High School Graduation Summary
High School Graduation
estimates the percentage of students who graduate within four years and
are considered regular graduates. The National
Center for Education Statistics collects the enrollment and
completion data and, now, as part of the No Child Left Behind
initiative, estimates the graduation rate for each state. The rate is
the number of graduates divided by the estimated count of freshmen four
years earlier. This average freshman enrollment count is the sum of the
number of 8th graders five years earlier, the number of 9th
graders four years earlier (because this is when current year seniors
were freshmen), and the number of 10th graders three years
earlier divided by three. Enrollment counts include a proportional
distribution of students not enrolled in a specific grade.
Data are not adjusted
for the presence or quality of basic health and consumer health
education in the curriculum, for continuing education programs or for
other non-traditional learning programs. Also, individual states are
increasingly altering graduation requirements, which may affect their
reported number of regular graduates, their
graduation rate and the
comparability of these rates across time.
Education is vital as
consumers must be able to learn about, create and maintain a healthy
lifestyle and understand their options for care.

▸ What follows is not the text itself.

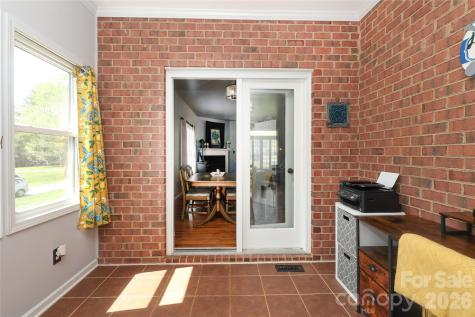 7982 King Arthurs Court Denver NC 28037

Table 24 displays the 2007 ranks, based on 2003 to 2004
data (National Center for Education Statistics, Washington, D.C., U.S.

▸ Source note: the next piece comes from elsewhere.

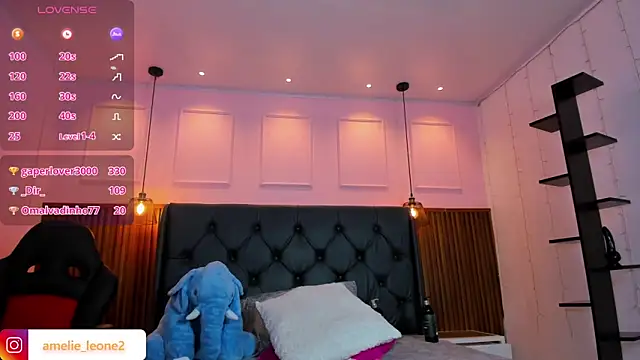 AMELIELEONE webcam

Department of Education). The rate varies from 87.6 percent of incoming
ninth graders who graduate within four years in
Nebraska to 60.6 percent
in South Carolina. The national average is 74.3 percent, up 0.4 percent
from 73.9 percent in the 2006 Edition.
Louisiana improved the most with
an increase from 64.1 percent to 69.4 percent of incoming ninth graders
who graduate within four years. Arizona and
Nevada indicated a drop of
five percent or more in the last year.